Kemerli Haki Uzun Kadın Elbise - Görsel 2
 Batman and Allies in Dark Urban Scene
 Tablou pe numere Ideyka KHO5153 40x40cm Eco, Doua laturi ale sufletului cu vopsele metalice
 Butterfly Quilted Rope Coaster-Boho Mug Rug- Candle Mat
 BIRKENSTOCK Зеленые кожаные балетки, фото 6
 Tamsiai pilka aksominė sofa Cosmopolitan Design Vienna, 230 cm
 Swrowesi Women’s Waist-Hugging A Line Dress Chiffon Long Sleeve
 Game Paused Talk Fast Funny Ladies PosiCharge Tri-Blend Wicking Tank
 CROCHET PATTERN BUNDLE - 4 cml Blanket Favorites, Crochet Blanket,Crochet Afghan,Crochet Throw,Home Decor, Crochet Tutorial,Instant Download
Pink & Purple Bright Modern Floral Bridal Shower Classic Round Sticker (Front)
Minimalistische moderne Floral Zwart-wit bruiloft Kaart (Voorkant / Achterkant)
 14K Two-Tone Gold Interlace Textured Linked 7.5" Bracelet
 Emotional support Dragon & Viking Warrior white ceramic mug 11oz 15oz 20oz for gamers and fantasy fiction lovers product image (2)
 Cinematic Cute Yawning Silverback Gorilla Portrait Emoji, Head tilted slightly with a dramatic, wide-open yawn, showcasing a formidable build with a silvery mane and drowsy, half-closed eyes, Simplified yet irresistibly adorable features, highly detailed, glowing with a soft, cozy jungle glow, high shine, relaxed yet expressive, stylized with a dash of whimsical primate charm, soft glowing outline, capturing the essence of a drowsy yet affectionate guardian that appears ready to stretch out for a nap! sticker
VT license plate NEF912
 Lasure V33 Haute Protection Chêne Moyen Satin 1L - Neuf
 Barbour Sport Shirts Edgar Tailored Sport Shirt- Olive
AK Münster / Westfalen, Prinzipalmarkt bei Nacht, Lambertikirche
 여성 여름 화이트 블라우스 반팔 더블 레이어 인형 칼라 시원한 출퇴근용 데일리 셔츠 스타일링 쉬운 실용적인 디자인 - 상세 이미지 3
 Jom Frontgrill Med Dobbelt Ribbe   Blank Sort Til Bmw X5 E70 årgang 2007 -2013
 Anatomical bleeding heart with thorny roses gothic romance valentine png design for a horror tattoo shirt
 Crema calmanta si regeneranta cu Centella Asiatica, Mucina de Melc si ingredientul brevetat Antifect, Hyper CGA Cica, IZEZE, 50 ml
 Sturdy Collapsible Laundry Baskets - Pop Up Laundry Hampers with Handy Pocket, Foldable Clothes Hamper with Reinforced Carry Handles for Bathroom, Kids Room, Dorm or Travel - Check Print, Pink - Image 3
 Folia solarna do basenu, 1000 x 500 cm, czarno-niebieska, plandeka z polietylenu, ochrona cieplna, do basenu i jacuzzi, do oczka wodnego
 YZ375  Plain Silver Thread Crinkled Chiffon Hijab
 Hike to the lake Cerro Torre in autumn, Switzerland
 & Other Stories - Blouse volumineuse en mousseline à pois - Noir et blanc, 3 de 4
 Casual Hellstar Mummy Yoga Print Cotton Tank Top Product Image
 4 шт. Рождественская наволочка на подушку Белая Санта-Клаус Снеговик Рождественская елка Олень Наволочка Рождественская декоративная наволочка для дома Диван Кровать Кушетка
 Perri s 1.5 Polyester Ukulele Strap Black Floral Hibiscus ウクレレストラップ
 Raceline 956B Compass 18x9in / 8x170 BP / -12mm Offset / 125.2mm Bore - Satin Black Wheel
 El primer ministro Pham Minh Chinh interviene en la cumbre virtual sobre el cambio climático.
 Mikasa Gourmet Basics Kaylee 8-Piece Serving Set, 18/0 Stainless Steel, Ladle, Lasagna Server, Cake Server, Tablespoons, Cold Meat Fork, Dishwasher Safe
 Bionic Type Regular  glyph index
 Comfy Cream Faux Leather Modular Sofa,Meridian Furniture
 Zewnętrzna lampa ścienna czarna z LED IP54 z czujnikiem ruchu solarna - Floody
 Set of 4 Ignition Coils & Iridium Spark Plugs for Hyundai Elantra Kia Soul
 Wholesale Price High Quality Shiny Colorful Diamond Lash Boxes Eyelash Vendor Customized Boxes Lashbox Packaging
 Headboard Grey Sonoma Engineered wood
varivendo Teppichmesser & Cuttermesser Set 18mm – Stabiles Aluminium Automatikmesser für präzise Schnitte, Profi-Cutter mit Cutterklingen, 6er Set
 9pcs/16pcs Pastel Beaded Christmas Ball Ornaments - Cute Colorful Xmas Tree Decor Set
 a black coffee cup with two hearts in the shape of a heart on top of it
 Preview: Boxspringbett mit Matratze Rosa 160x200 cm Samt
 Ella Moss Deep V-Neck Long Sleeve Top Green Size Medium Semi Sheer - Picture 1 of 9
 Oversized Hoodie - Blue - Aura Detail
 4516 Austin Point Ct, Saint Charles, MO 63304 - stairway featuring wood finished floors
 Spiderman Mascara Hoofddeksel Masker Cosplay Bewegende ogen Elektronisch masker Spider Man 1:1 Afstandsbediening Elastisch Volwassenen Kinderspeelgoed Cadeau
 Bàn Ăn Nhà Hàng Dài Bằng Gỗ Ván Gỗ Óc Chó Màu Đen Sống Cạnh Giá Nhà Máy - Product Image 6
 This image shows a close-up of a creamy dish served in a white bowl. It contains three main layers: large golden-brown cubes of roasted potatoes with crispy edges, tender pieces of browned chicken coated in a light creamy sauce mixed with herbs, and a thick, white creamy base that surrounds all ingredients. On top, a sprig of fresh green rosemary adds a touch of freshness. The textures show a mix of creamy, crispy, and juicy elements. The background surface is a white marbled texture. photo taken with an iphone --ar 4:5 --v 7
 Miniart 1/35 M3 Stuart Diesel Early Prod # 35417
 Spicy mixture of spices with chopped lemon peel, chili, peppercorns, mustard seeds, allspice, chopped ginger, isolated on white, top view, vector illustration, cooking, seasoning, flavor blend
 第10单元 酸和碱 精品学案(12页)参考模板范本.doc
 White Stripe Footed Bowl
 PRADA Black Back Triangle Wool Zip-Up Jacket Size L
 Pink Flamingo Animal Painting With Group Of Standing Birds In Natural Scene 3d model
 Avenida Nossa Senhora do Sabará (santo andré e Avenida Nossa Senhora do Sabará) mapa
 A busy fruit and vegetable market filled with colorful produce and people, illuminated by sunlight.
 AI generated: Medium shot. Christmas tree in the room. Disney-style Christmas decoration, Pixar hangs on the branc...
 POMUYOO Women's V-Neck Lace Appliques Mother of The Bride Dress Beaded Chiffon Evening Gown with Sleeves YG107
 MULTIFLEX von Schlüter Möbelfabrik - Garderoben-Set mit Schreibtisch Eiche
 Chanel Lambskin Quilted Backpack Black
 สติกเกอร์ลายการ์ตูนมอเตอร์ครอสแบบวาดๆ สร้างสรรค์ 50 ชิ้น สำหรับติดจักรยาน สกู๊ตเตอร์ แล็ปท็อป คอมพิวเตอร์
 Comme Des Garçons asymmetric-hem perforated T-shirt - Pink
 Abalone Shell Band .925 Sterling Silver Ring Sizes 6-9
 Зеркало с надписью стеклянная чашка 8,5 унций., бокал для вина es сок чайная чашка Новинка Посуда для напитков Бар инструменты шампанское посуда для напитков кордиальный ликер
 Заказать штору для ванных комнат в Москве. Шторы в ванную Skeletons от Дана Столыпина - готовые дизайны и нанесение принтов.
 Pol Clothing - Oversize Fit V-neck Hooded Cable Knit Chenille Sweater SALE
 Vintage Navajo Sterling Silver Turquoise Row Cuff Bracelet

» **WORK ITEM**
Copy, character for character, the lines from the line that holds "Chanel Lambskin Quilted Backpack Black" through the final line of the records above.

» **EXERCISE RESPONSE**
 Chanel Lambskin Quilted Backpack Black
 สติกเกอร์ลายการ์ตูนมอเตอร์ครอสแบบวาดๆ สร้างสรรค์ 50 ชิ้น สำหรับติดจักรยาน สกู๊ตเตอร์ แล็ปท็อป คอมพิวเตอร์
 Comme Des Garçons asymmetric-hem perforated T-shirt - Pink
 Abalone Shell Band .925 Sterling Silver Ring Sizes 6-9
 Зеркало с надписью стеклянная чашка 8,5 унций., бокал для вина es сок чайная чашка Новинка Посуда для напитков Бар инструменты шампанское посуда для напитков кордиальный ликер
 Заказать штору для ванных комнат в Москве. Шторы в ванную Skeletons от Дана Столыпина - готовые дизайны и нанесение принтов.
 Pol Clothing - Oversize Fit V-neck Hooded Cable Knit Chenille Sweater SALE
 Vintage Navajo Sterling Silver Turquoise Row Cuff Bracelet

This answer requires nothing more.